The Ukrainian novelist Andrey Kurkov was having dinner with friends at his home in Kyiv on the evening of 23 February 2022, the day before Russia launched its full-scale invasion. Within hours he was advised that his name probably featured on a Russian list targeting prominent Ukrainian figures for arrest, or worse, and he should leave the city. As Kurkov and his wife joined the thousands of Ukrainians who grabbed what possessions they could and headed to the west of the country, he began a stream of articles, speeches, interviews, broadcasts and other interventions – made at home and abroad – to explain the plight and position of his compatriots. He returned to Kyiv four months after the invasion, and the city has remained his base ever since for his continuing role as one of the best known and most assiduous advocates of a free and independent Ukraine.
“I cannot remember the books I have read any more than the meals I have eaten.
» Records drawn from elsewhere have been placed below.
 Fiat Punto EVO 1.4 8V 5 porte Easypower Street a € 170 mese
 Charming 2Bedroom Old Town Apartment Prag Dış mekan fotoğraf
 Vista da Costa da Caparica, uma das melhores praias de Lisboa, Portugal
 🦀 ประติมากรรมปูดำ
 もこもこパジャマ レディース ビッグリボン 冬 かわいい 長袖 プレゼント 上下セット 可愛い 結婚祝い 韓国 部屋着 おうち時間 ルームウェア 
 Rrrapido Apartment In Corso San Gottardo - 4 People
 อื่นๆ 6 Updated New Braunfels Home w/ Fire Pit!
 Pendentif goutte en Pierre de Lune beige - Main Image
Even so, they have made me.”
This is the best summary I could come up with:
As Kurkov and his wife joined the thousands of Ukrainians who grabbed what possessions they could and headed to the west of the country, he began a stream of articles, speeches, interviews, broadcasts and other interventions – made at home and abroad – to explain the plight and position of his compatriots.
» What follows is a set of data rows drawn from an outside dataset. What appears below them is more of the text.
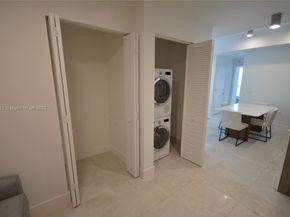 239 SW 9th St 1603, Miami FL 33130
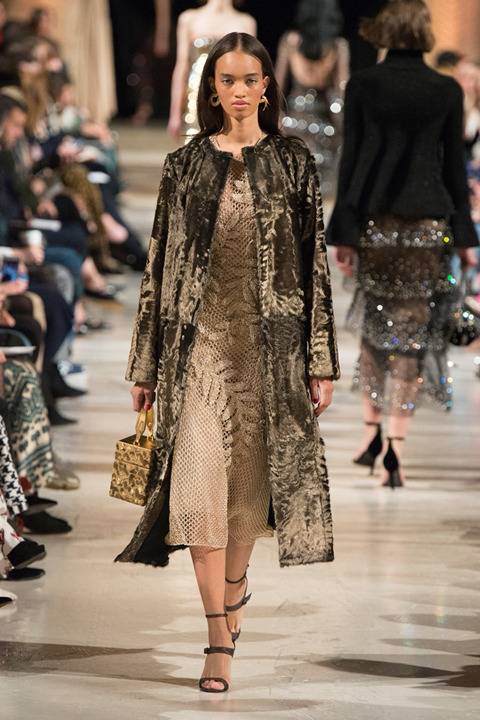 2018 F/W 오스카 드 라 렌타 컬렉션 (최소라) | 인스티즈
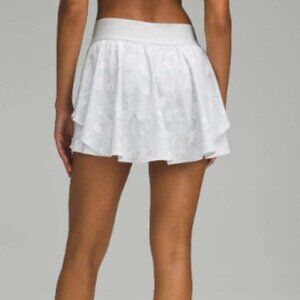 Lululemon Court Rival High Rise Skirt Size 2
The very first line of The Silver Bone sees the father of Kurkov’s protagonist, electrical engineering student turned detective Samson Kolechko, brutally killed.
Kurkov first came to international attention with his 1996 novel Death and the Penguin – published in English in 2001 – which showcased his attractively off-kilter blend of satire, surrealism, dark humour, social commentary and rich characterisation.
His 2018 novel Grey Bees (published in English in 2022) focused on the consequences of Russian aggression and was set in the contested Donbas region of Ukraine in the period after Putin’s 2014 land grab, which is often cited as the real beginning of the current conflict.
The genesis of The Silver Bone came when a reader gave Kurkov a large cache of Bolshevik secret police files from the post-first world war period.
Kurkov says the crime narrative, and the figure of the detective in the form of young Samson seeking justice and order amid the mayhem of war, gave him a way of exploring and illuminating a society under extreme stress.